Independent analyst for data and analytics Philip Russom PhD. offers commentary on the Gartner view of data fabric from the recent Gartner Data & Analytics Summit 2023.
I had the honor and pleasure of attending the Gartner Data & Analytics Summit, just held on March 19-22, 2023 in Orlando, Florida. It was an impressively large and well-organized event that covered most aspects of data and analytics (D&A), plus their best practices, tools, technologies, and team structures. However, in my opinion, the topic hit most often and most profoundly was the data fabric. Allow me to summarize the Gartner View of the Data Fabric, as presented at the Gartner D&A Summit 2023.
Data Fabric Gartner
Defining the Data Fabric
Data fabric has become the leading-edge paradigm for data management development, deployment, and automation. Without a fabric, organizations struggle with data availability and access, data standards, governance, data engineer productivity, and time to use for analytics and other data products.

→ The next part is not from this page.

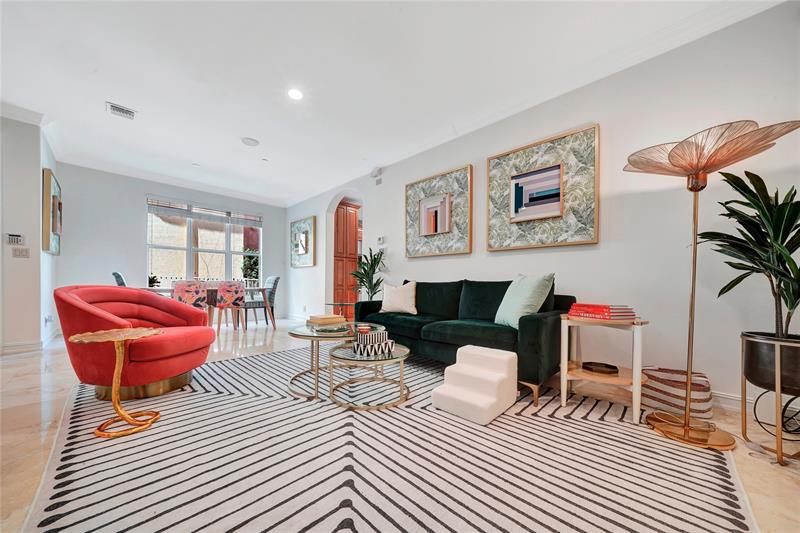 listing main picture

Industry analysts at Garter define the data fabric as an architecture and set of best practices for unifying and governing multiple data management disciplines, including data integration, quality, active metadata, master data, pipelines, catalogs, orchestration, analytics, DataOps, and much more. “Unified” means that the diverse tools of a data fabric must interoperate deeply, in both development and production; unification and interoperability for the data fabric tool portfolio may be achieved via a common graphical user interface (GUI), application programming interfaces (APIs), data standards, user methods, shared data products and objects, and shared metadata and other semantics.
To achieve the scale, agility, and productivity required for a production data fabric, the tools used should ideally support automation, ranging from old-fashioned business rules to cutting-edge smart algorithms (perhaps based on machine learning) that recommend or automatically perform data engineering actions. Other data fabric capabilities either required or recommended by Gartner analysts include intelligent orchestration, composable architecture, data catalogs, and knowledge graph databases and analytics (to represent and analyze data objects collected via active metadata).

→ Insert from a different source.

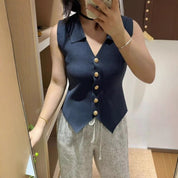 Blusa estilo chaleco con detalles dorados - Dressygt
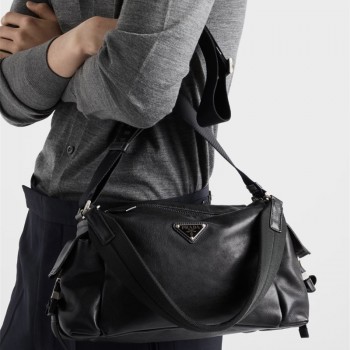 프라다 익스플로러 소가죽 숄더백 2VH206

The data fabric capabilities mentioned above are numerous. Many are advanced (e.g., knowledge graphs, automation via machine learning) or in a rudimentary state of evolution (active metadata, DataOps). For these reasons, many data management professionals and other technical users find the Gartner definition of the data fabric to be quite challenging to understand and implement.

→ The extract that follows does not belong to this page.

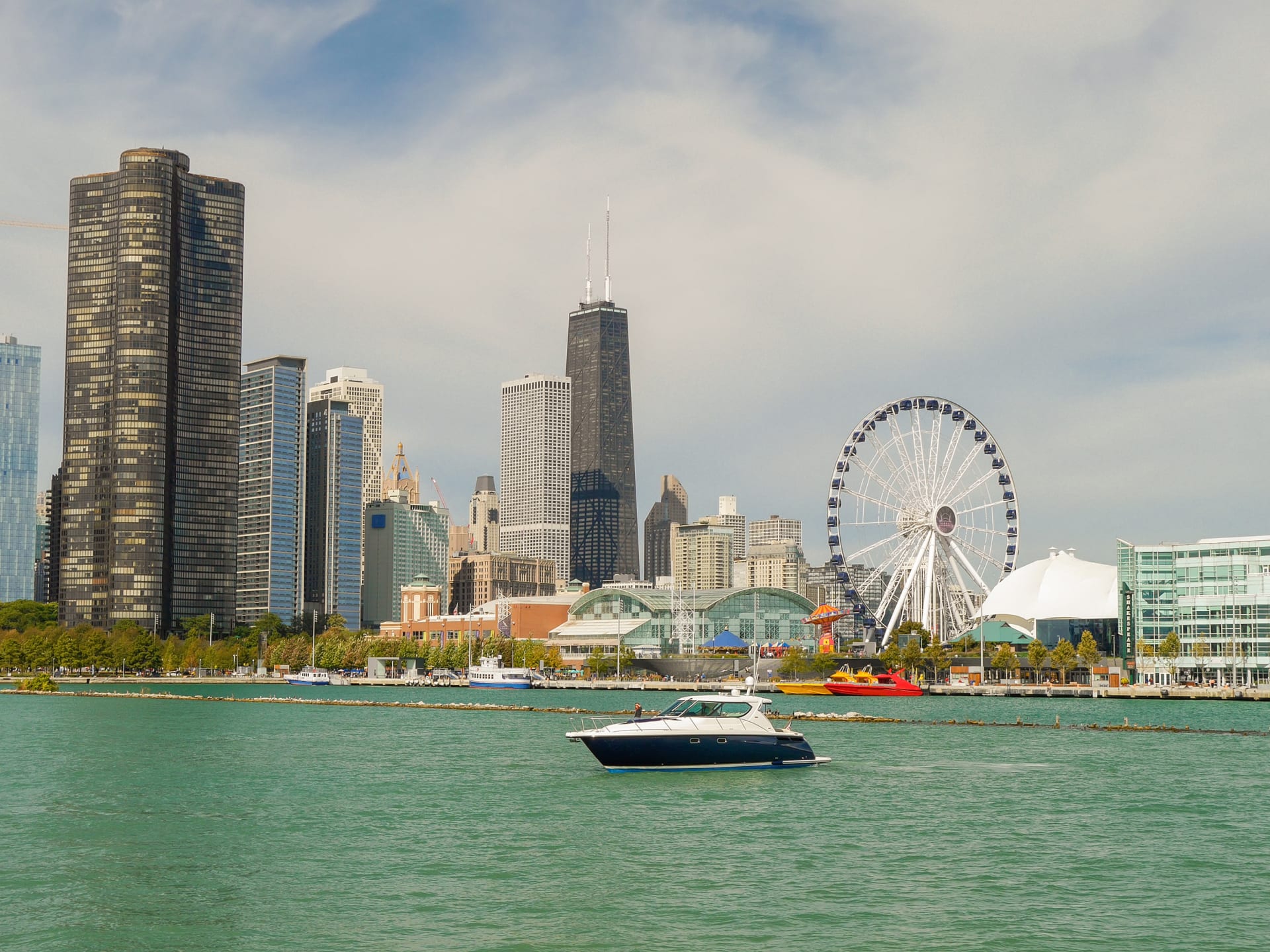 Vista de la noria de Navy Pier en Chicago. Cosas que hacer en Chicago cerca de Flyover.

Hence, most data and analytics leaders don’t know where to begin when designing and deploying a data fabric. Likewise, it is not obvious how to extend existing data management solutions to evolve into a data fabric. Luckily, the Gartner D&A Summit 2023 included some sessions that provided clear explanations of the data fabric and its key component called active metadata, plus how to approach the implementation of these. I will now summarize those sessions.
The “Practical” Data Fabric
One of the most useful sessions I attended at the Gartner D&A Summit was “The Practical Data Fabric — How to Architect the Next Generation Data Management Design,” presented by Ehtisham Zaidi, VP Analyst at Gartner Inc. The presenter made the data fabric more understandable, and he stressed the benefits of the fabric.
For example, the data fabric offers something for everyone:
- Business users can quickly find, integrate, analyze, and share data, even in a self-service mode.
- Data management teams get greater productivity (via automated data access and interaction) and agility (they can close data requests sooner).
- The enterprise experiences faster time to insight from data and analytics investments, plus data literacy which improves the utilization of data.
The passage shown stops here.